After Tova Sullivan’s husband died, she began working the night shift at the Sowell Bay Aquarium, mopping floors and tidying up. Keeping busy has always helped her cope, which she’s been doing since her eighteen-year-old son, Erik, mysteriously vanished on a boat in Puget Sound over thirty years ago. Tova becomes acquainted with curmudgeonly Marcellus, a giant Pacific octopus living at the aquarium. Marcellus knows more than anyone can imagine but wouldn’t dream of lifting one of his eight arms for his human captors—until he forms a remarkable friendship with Tova.

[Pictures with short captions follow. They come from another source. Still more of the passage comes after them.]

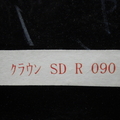 59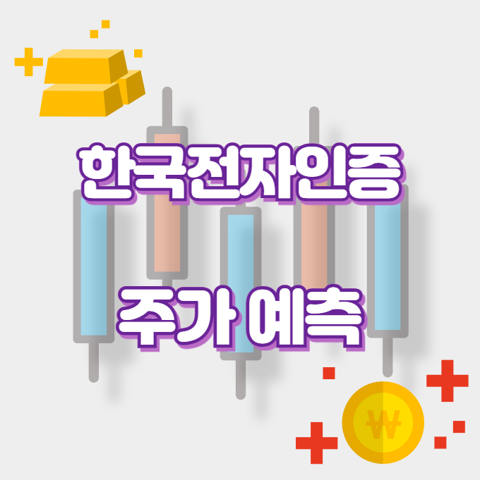 한국전자인증_썸네일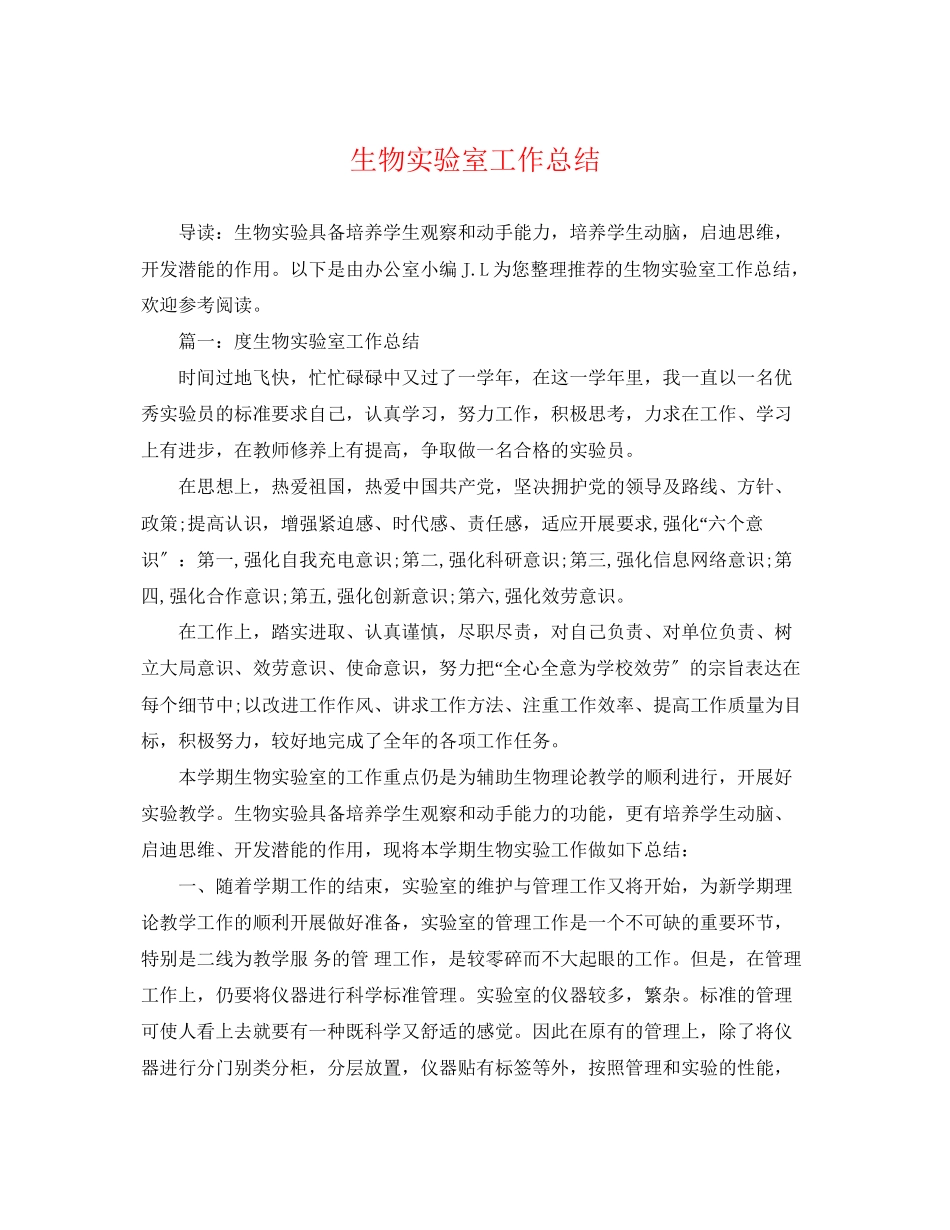 2023年生物实验室工作总结.docx_第1页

Van Pelt’s sharp-eyed invertebrate has an unbelievable (but wonderful) ability to grasp connections that others fail to see ... Marcellus’ wry, curmudgeonly point of view is conveyed in short journal-like remarks interspersed throughout this otherwise third person narrative ... requires a willingness to throw disbelief overboard. The various narrative strands entwine somewhat improbably, though not as improbably as a literate octopus’ skill at detective work. But if you can swim with it, Van Pelt has spawned a heartwarming tale about the importance of reaching out with open arms to make meaningful connections. I’m a sucker for happy endings, and this one, which brings a group of lonely outsiders into the equivalent of a big, communal hug, has considerable charm.

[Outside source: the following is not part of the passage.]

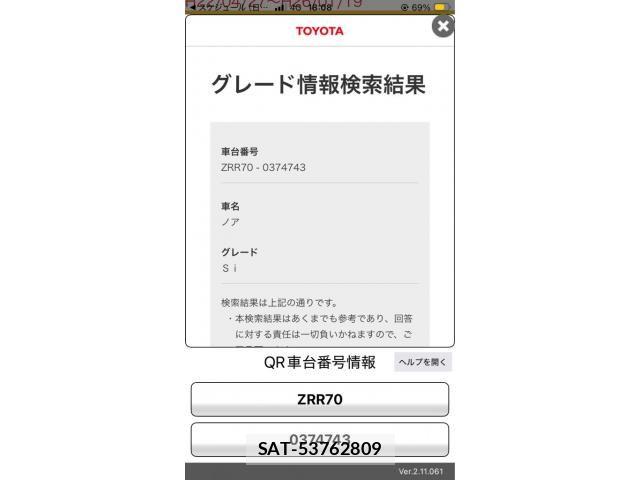 Toyota NOAH 2010-10 8414001-21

Tova’s gentle relationship with Marcellus is the heart of Van Pelt’s debut. The octopus’ point of view, though unusual, brings a magical haze to the novel, even as Tova and Marcellus realize their story is coming to an end. A unique and luminous book for fans of Eleanor Ray’s The Missing Treasures of Amy Ashton (2021).
Marcellus—a thief, escape artist with a mission, and brilliant observer of human behavior—narrates his chapters with a whip-smart wit born of his nine brains, three hearts, and the impatient urgency of wanting to help his beloved Tova before his time runs out ... Poet and short story writer Van Pelt has written an irresistibly wonderful, warm, funny, heartbreaking first novel, full of gentle people (and one octopus) bravely powering through their individual scars left by lives that have beaten them up but have not brought them down.